*Work item:*
From top to bottom, retype the data exactly, passing over any picture.

*Data segment:*
++++

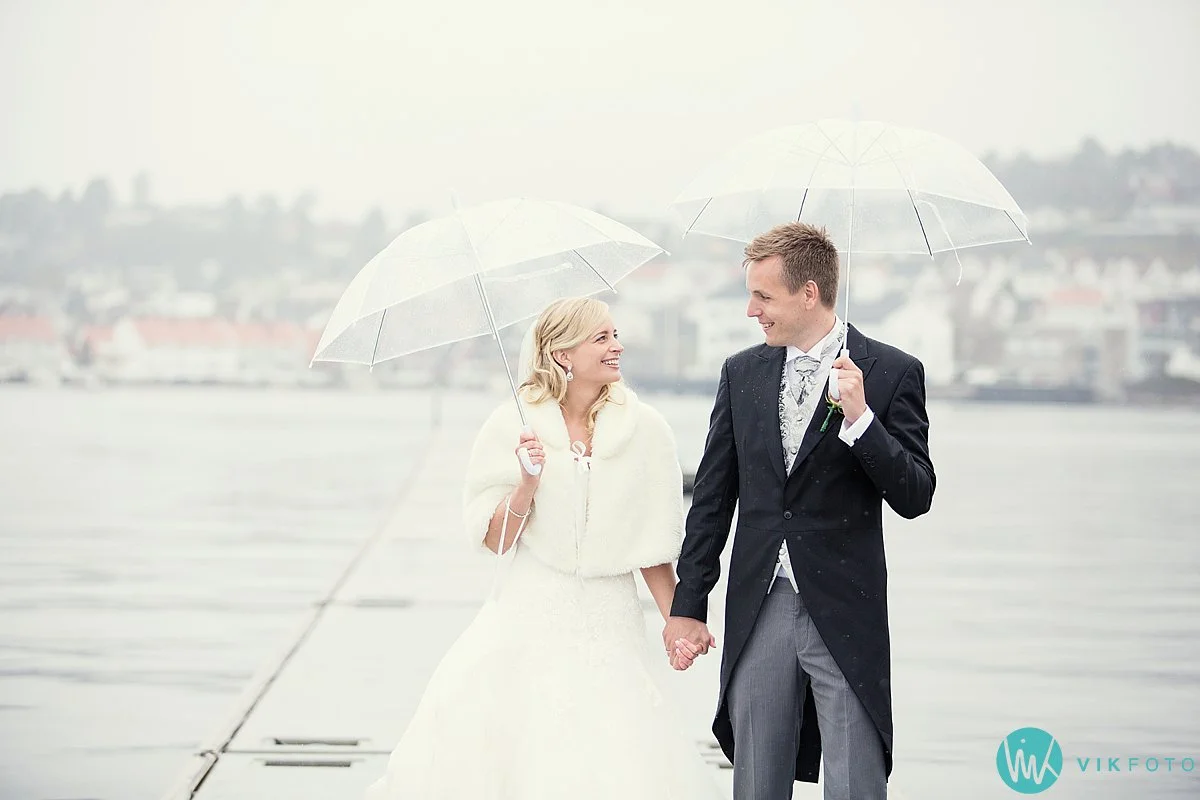 32-bryllupsbilde-brudepar-regn-paraply-støvler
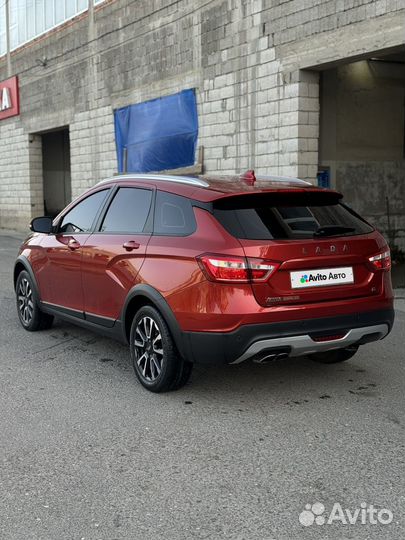 LADA Vesta Cross 1.8 AMT, 2019, 197 000 км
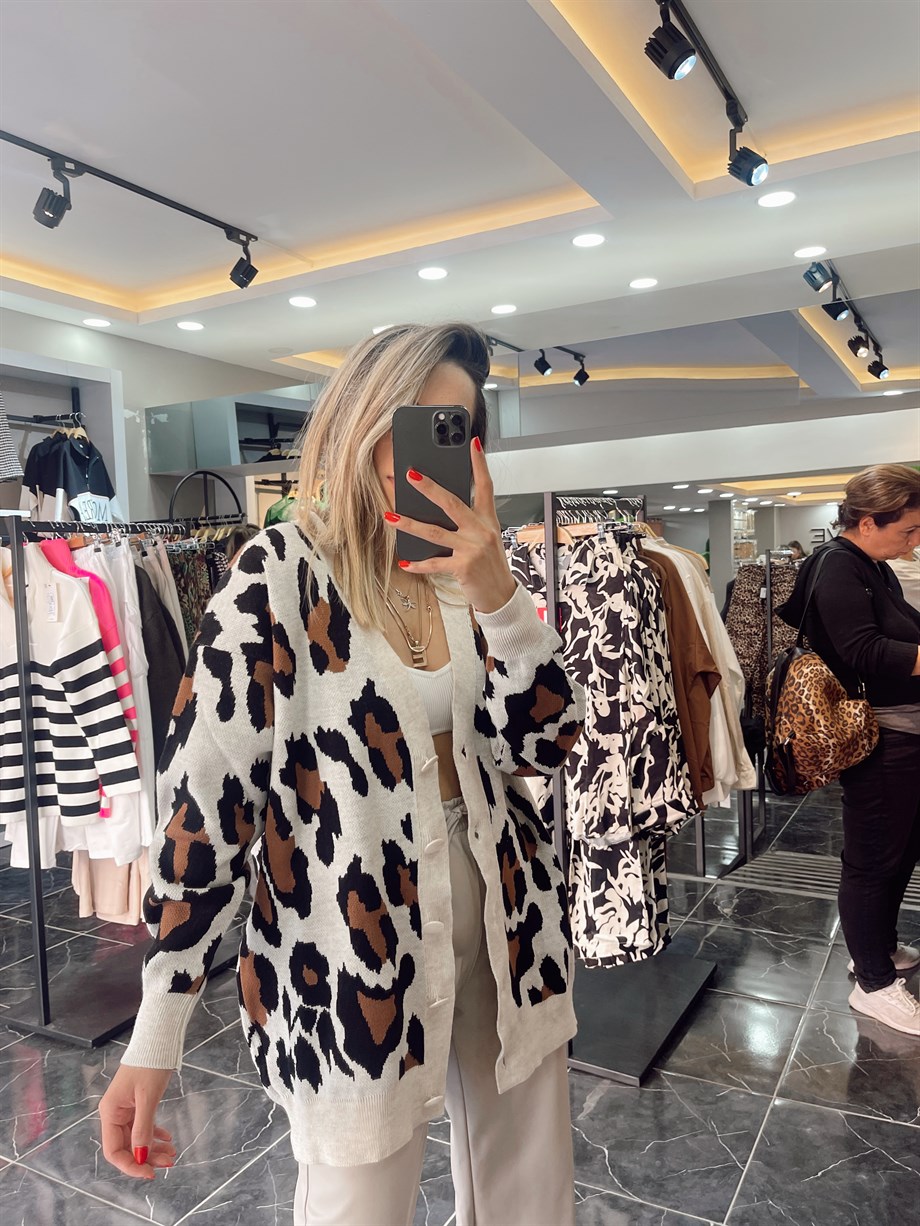 Leopar Detaylı Bej Hırka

++++

*Expected output:*
 32-bryllupsbilde-brudepar-regn-paraply-støvler
 LADA Vesta Cross 1.8 AMT, 2019, 197 000 км
 Leopar Detaylı Bej Hırka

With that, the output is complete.